Tuesday, February 28, 2012

Remember the Smithsonian's flying Pterodactyl model?

In 1984, the Smithsonian Institution's Air and Space Museum commissioned the construction of a flying mechanical model of a Quetzalcoatlus northropi a.k.a. a pterodactyl.  The project was led by aeronautical engineer Paul MacCready of AeroVironment, Inc and was funded by Johnson Wax. It flew on the National Mall in 1986 (?) in conjunction with the opening of the IMAX film On the Wing.

The model, known as the QNTM, was as a half-scale, 5.5m replica of a pterodactyl.  It was as bio-mechanically accurate as possible given all they had to base it on was the fossil record.
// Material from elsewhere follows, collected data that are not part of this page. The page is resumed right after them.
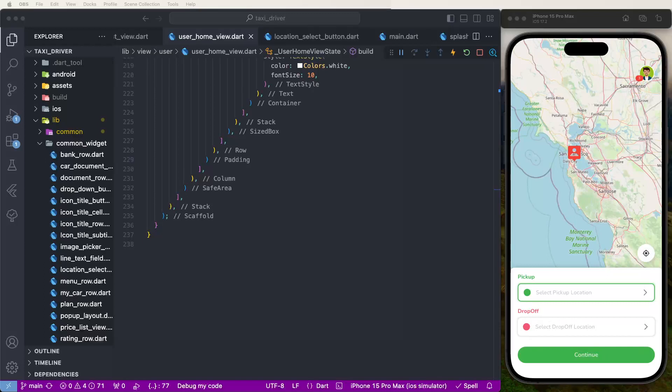Hello viewers, welcome to Core4Any. If you are new, hit the subscribe button and notification bell so you can never miss any of our incredible content. Today we need to create the serviced card list and develop the UI.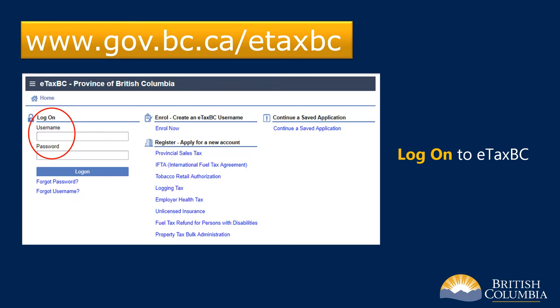If you're already enrolled in eTaxBC, go to www.gov.bc.ca/eTaxBC and log in to your account. Please note, if this is your first time logging on, be prepared to authenticate your identity to ensure the security and confidentiality of your information. You'll receive an access code by email to complete your enrollment.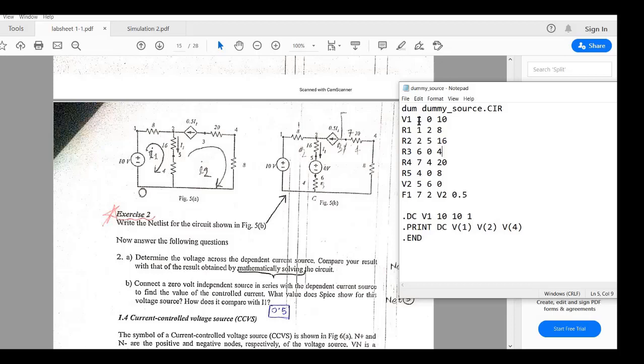So if you see the netlist it is V1, V1 is 10 volts between 1 and 0. R1 and R2. The only difference here is V2 and that is between 5 and 6 node and that is 0 volt.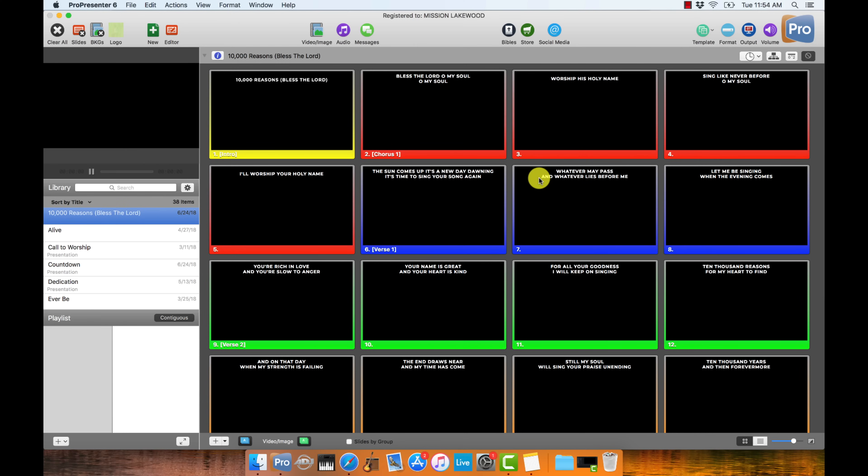So what I'm going to do now is hop behind my computer and I'm going to walk you through click by click, step by step, how to build a worship lyrics document in ProPresenter. Before we import our first song into ProPresenter, there's two important things that need to be done.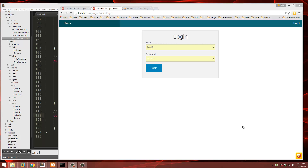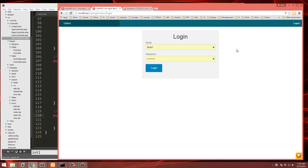Hey guys, welcome back. In the first video we created our CakePHP installation and we set up our login, which works completely right now. So now we just need a way for the user to register.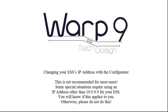For most people, there is no need to change the IP address of the ESS. Leave it at default, and you will be good to go. In a few special circumstances, people will need to change it, and this guide shows how to. But again, unless you really need to, and you will know when you need to, please do not change your IP address for your ESS.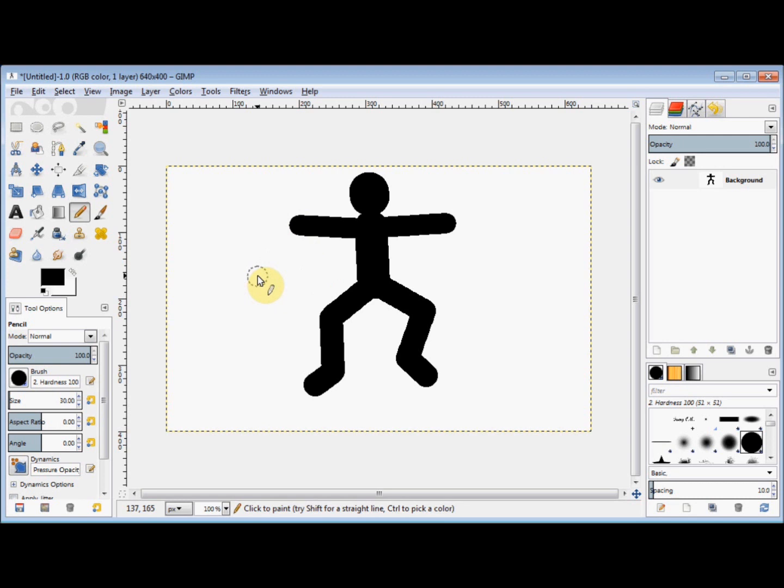And there you have it, a very basic stick man. I hope that made sense, but if you've got any problems or suggestions, please just leave a comment.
It had to be stable and had to propel itself with its flapping wings.  Pretty amazing stuff, especially for the mid 1980's!

The QM was on display at the Joint Services Open House at Andrews AFB.  I snapped the attached shot and one of a headless version.  I think the one shown was a static model and the headless one was the actual QM that was damaged on landing.  The photos of the latter were not that clear so I just scanned this one.


I had no luck finding a reference in the Air and Space Magazine but I did find these:
  1. The Great Pterodactyl Project (1985), Paul MacCready, [Caltech] Engineering and Science, pp 18-24.
  2. Flying Pterodactyl for IMAX Movie “On The Wing” - includes some in-flight photos.